İttifakın askeri yetkilisi Salih Muhammed Registani, ABD`nin misilleme planlarının Taliban`ı endişeye sevkettiğini belirterek, bu durumun kendileri açısından Taliban`a karşı saldırı için iyi bir fırsat olduğunu kaydetti. Registani, Taliban mevzilerine saldırmadan önce, ABD`den destek almayı ümit ettiklerini ifade etti. İttifakın saldırısının ABD ile eşgüdüm halinde olması gerektiğini belirten Registani, `ABD ile resmi bir bağlantımız yok, ancak bağlantı kurmayı ümit ediyoruz.
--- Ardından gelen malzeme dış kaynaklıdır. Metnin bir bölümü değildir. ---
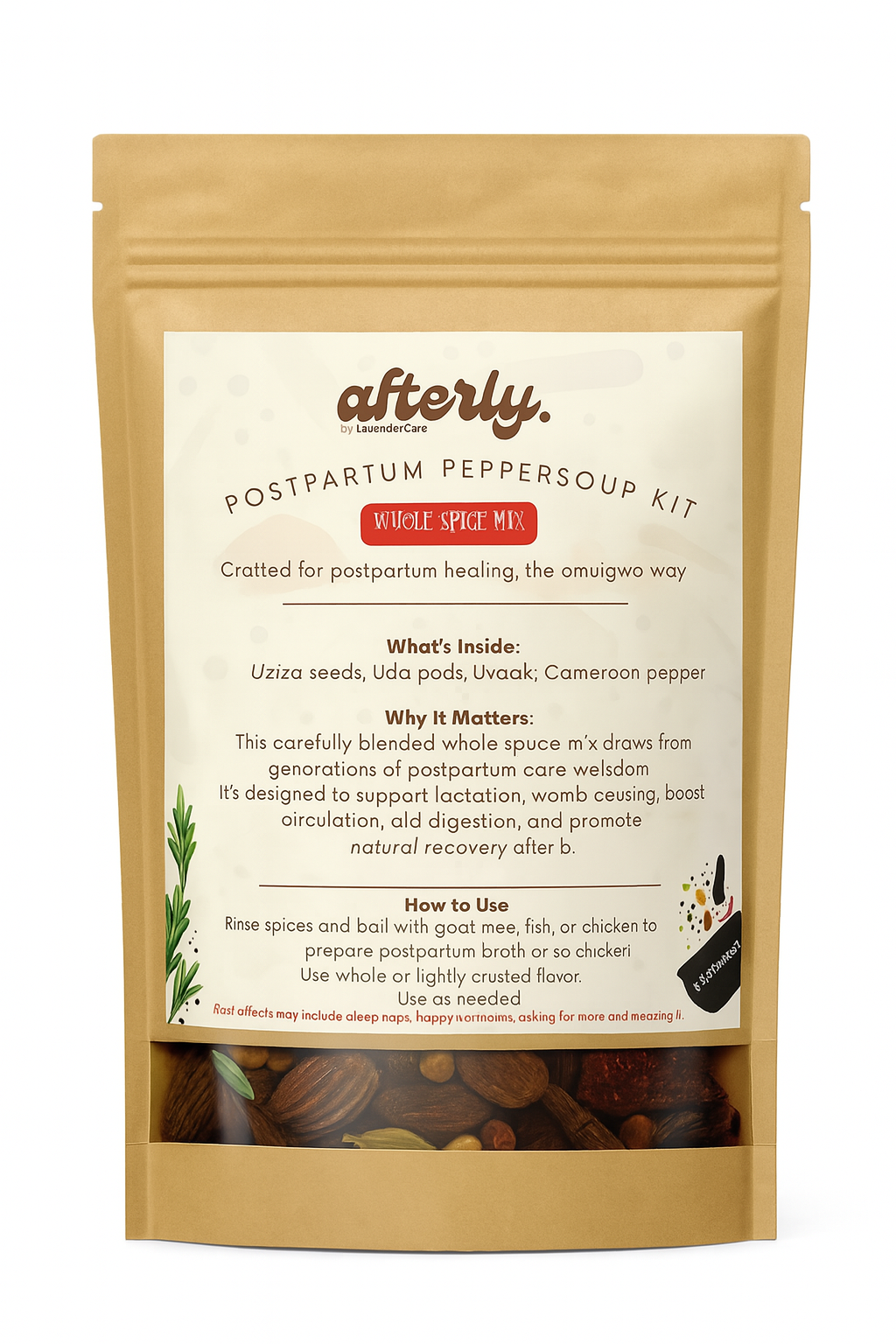 Afterly Postpartum Peppersoup Spice Mix - Whole Spices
Sanırım, bu mümkün olacak` dedi.
İran`da diplomatik girişim
İran`ın, ABD`nin geçen hafta düzenlenen terör saldırılarının ardından Afganistan`a karşı olası askeri harekatını önlemek için diplomatik girişim başlattığı bildirildi.
İran haber ajansı İRNA, Dışişleri Bakanı Kemal Harrazi`nin, ABD`nin olası harekatının insani felakete yol açması ve İslami düşüncenin Batı`ya yönelik tutumunun sertleşeceği endişesiyle, AB Ortak Savunma ve Dış Siyaset Yüksek Temsilcisi Javier Solana ve Belçika, İtalya, Pakistan ve Hindistan dışişleri bakanlarını telefonla aradığını duyurdu. Harrazi, İtalya Dışişleri Bakanı Renato Ruggiero ile görüşmesinde, `Afganistan`a yönelik bir misilleme harekatının, daha fazla masum insanın katline ve birçok kişinin evsiz kalmasına yol açacağını` söyledi.